Way back in April 2018, I announced a Prediction Contest, in which the person who made the best predictions on a bunch of questions on PredictionBook ahead of a 1st July deadline would win a prize after they all resolved in January 2019, which is now.
It was a bit of an experiment; I had no idea how many people were up for practicing predictions to try to improve their calibration, and decided to throw a little money and time at giving it a try. And in the spirit of reporting negative experimental results: The answer was 3, all of which I greatly appreciate for their participation. I don't regret running the experiment, but I'm going to pass on running a Prediction Contest 2019. I don't think this necessarily rules out trying to practically test and compete in rationality-related areas in other ways later, though.
Our entrants were bendini, bw, and Ialaithion, and their ranked log scores were:
This was sufficiently close that changing a single question's resolution could tip the results, so they were all pretty good. That said, bw came out ahead, and even managed to beat averaging everyone's predictions- if you simply took the average prediction (including non-entrants) as of entry deadline and made that your prediction, you'd have got -9.576568147.
The full calculations for each of the log scores, as well as my own log score and the results of feeding the predictions as of prediction time to a simple model rather than simply averaging them, are in a spreadsheet here.
I'll be in touch with bw to sort out their prize this evening, and thanks to everyone who participated and who helped with finding questions to use for it.
Are you familiar with Metaculus ? That functions somewhat as a continuously-running prediction contest along similar lines, and it has a lot more than three participants. (Including some people who are active on LW.)
PredictionBook itself has a bunch more than three participants and functions as an always-running contest for calibration, although it's easy to cheat since it's possible to make and resolve whatever predictions you want. I also participate in GJ Open, which has an eternally ongoing prediction contest. So there's stuff out there where people who want to compete on running score can do so.
The objective of the contest was less to bring such an opportunity into existence as to see if it'd incentivise some people who had been "meaning" to practice prediction-making and not gotten to it yet to do so on on one of the platforms, by offering a kind of "reason to get around to it now"; the answer was no, though.
I don't participate much on Metaculus because for my actual, non-contest prediction-making practice, I tend to favour predictions that resolve within about six weeks, because the longer the time between prediction and resolution, the slower the iteration process on improving calibration; if I predict on 100 things that happen in four years, it takes four years for me to learn if I'm over or under confident at the 90% or so mark, and then another four years for me to learn if my reaction to that was an over or under reaction. Metaculus seems to favour predictions 2-4 or more years out, and requires sticking with private predictions to create your own short term ones in number, which is interesting for getting a crowd read on the future, but doesn't offer me so much of an opportunity to iterate and improve. It's a nice project, though.
lalaithion and jbeshir made predictions at the time of the announcement, while bendini and I made predictions at closing time, about two months later. This should have been a substantial advantage for us.

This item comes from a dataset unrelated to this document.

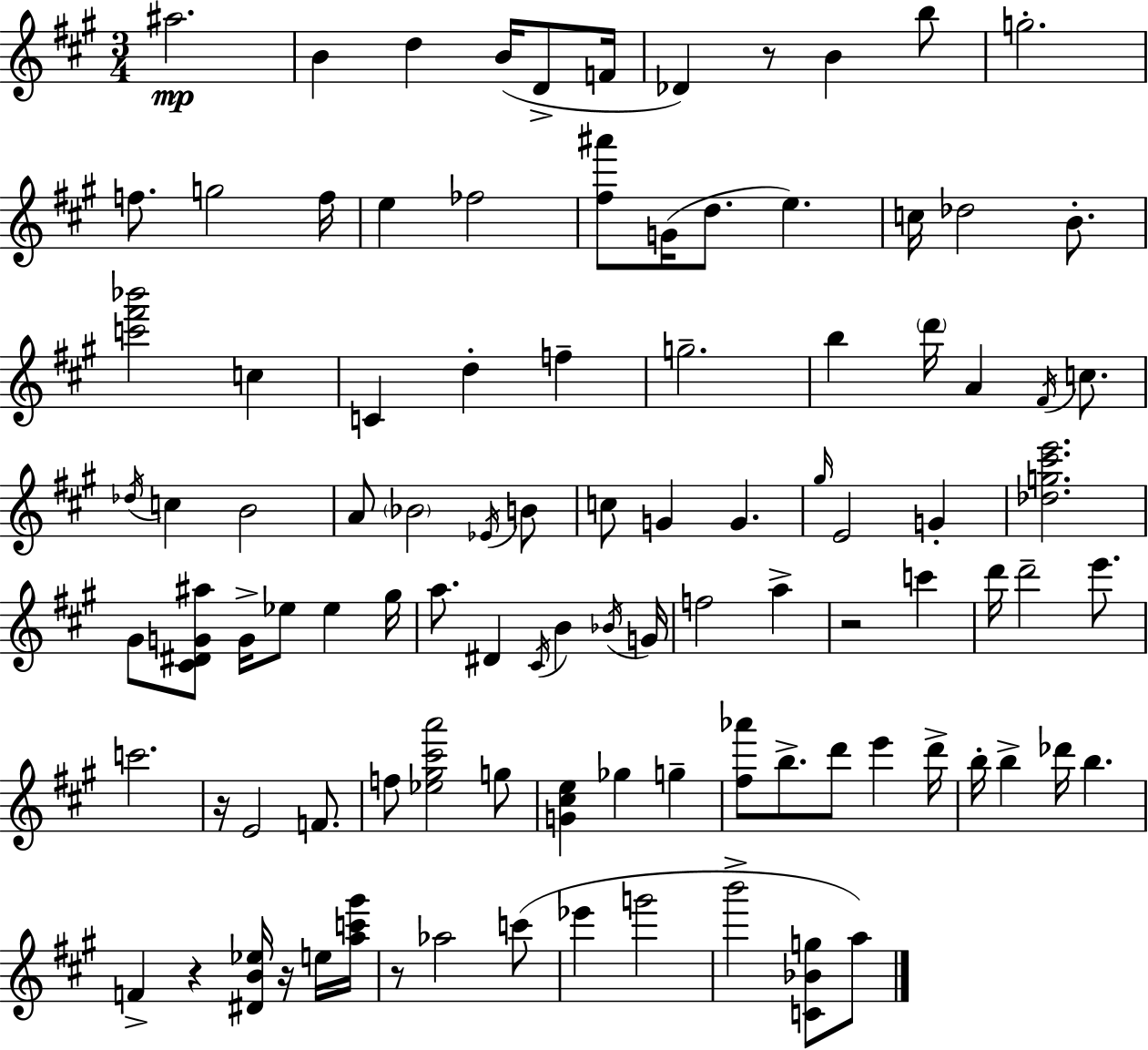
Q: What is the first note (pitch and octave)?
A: A#5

Indeed, the fall in bitcoin from $9k to $6k helped us a lot. On many questions about whether something occurs (eg, Fatah and Hamas reconcile) we should multiply the probability by about 6/8 because we were considering a 6 month span, while they were considering an 8 month span. But I was systematically less confident than they were and I think bendini only about as confident.
What is the Moonbird algorithm? Why do you call it ML? because algorithm won't tell me much without the data used to train it?

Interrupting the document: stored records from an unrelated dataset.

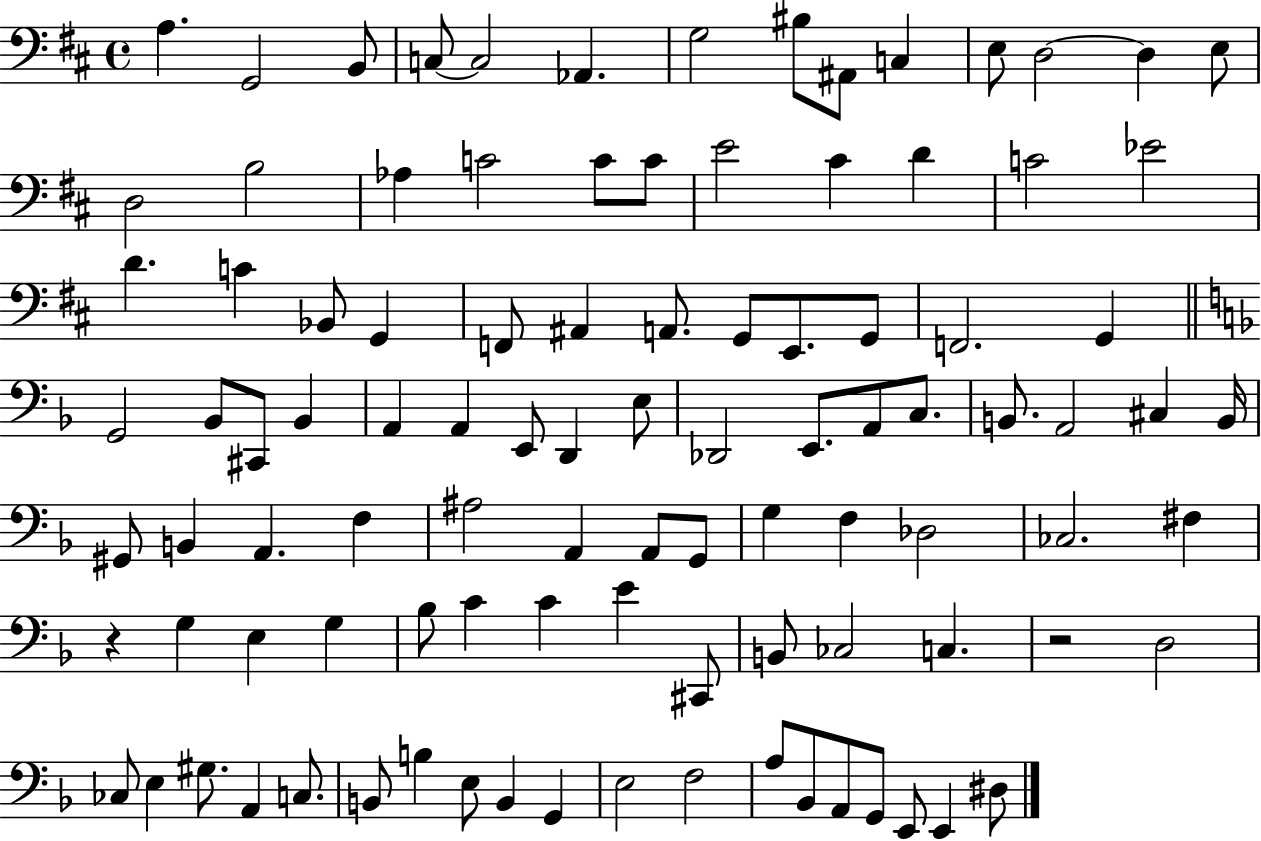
X:1
T:Untitled
M:4/4
L:1/4
K:D
A, G,,2 B,,/2 C,/2 C,2 _A,, G,2 ^B,/2 ^A,,/2 C, E,/2 D,2 D, E,/2 D,2 B,2 _A, C2 C/2 C/2 E2 ^C D C2 _E2 D C _B,,/2 G,, F,,/2 ^A,, A,,/2 G,,/2 E,,/2 G,,/2 F,,2 G,, G,,2 _B,,/2 ^C,,/2 _B,, A,, A,, E,,/2 D,, E,/2 _D,,2 E,,/2 A,,/2 C,/2 B,,/2 A,,2 ^C, B,,/4 ^G,,/2 B,, A,, F, ^A,2 A,, A,,/2 G,,/2 G, F, _D,2 _C,2 ^F, z G, E, G, _B,/2 C C E ^C,,/2 B,,/2 _C,2 C, z2 D,2 _C,/2 E, ^G,/2 A,, C,/2 B,,/2 B, E,/2 B,, G,, E,2 F,2 A,/2 _B,,/2 A,,/2 G,,/2 E,,/2 E,, ^D,/2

The algorithm that first springs to mind is to treat every number of predictions separately and apply kNN (in logistic space?). Better: if there are N predictions, average over the kNN applied to every one of the 2^N subsets of the predictions. Maybe weight by how well trained the different lengths are.
Tetlock tells us that although individuals are overconfident, crowds are underconfident, so once we've averaged, we should shift away from 0.5. This helps a bit in this case, but Moonbird does a lot better. I guess it's increasing confidence when the crowd is agreed and decreasing confidence when the crowd disagrees.

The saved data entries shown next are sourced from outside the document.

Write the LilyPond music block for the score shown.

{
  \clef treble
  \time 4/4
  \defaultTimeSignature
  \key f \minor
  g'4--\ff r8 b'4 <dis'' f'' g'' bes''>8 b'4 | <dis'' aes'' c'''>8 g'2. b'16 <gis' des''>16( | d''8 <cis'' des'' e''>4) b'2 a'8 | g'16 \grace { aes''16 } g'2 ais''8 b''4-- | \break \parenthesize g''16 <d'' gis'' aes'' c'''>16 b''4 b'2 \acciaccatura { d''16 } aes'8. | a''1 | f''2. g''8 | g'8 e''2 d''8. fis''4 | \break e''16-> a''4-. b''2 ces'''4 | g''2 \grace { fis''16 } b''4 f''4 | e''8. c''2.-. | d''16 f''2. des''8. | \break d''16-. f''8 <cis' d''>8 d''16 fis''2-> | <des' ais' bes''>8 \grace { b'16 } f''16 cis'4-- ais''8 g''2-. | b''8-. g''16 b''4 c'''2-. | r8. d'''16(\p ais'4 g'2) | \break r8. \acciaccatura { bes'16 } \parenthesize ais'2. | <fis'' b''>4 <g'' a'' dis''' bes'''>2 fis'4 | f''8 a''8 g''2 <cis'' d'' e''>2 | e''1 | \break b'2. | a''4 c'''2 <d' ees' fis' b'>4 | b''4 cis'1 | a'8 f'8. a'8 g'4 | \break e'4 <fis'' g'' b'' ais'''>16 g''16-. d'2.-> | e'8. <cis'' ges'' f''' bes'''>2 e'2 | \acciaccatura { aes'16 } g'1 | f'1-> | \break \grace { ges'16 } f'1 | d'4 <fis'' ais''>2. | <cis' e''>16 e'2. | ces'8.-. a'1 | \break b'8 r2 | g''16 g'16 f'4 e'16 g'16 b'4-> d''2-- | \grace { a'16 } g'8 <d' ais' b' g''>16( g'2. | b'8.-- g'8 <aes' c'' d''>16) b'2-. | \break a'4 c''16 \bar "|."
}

It's not a novel algorithm type, just a learning project I did in the process of learning ML frameworks, a fairly simple LSTM + one dense layer, trained on the predictions + resolution of about 60% of the resolved predictions from PredictionBook as of September last year (which doesn't include any of the ones in the contest). The remaining resolved predictions were used for cross-validation or set aside as a test set. An even simpler RNN is only very slightly less good, though.
The details of how the algorithm works are thus somewhat opaque but from observing the way it reacts to input, it seems to lean on the average, weight later in sequence predictions more heavily (so order matters) and get more confident with number of predictions, while treating the propositions with only one probability assignment as probably being heavily overconfident. It seems to have more or less learnt that insight Tetlock pointed out on its own. Disagreement might also matter to it, not sure.
It's on GitHub at https://github.com/jbeshir/moonbird-predictor-keras; this doesn't include the data, which I downloaded using https://github.com/jbeshir/predictionbook-extractor. It's not particularly tidy though, and still includes a lot of unused functionality for input features- the words of the proposition, the time between a probability assignment and the due time, etc- which I didn't end up using because the dataset was too small for it to learn any signal in them.
I'm currently working on making the online frontend to the model automatically retrain the model at intervals using freshly resolved predictions, mostly for practice building a simple "online" ML system before I move on to trying to build things with more practical application.
The main reason I ran figures for it against the contest was that some of its individual confidences seemed strange to me, and while the cross-validation stuff was saying it was good, I was suspicious I was getting something wrong in the process.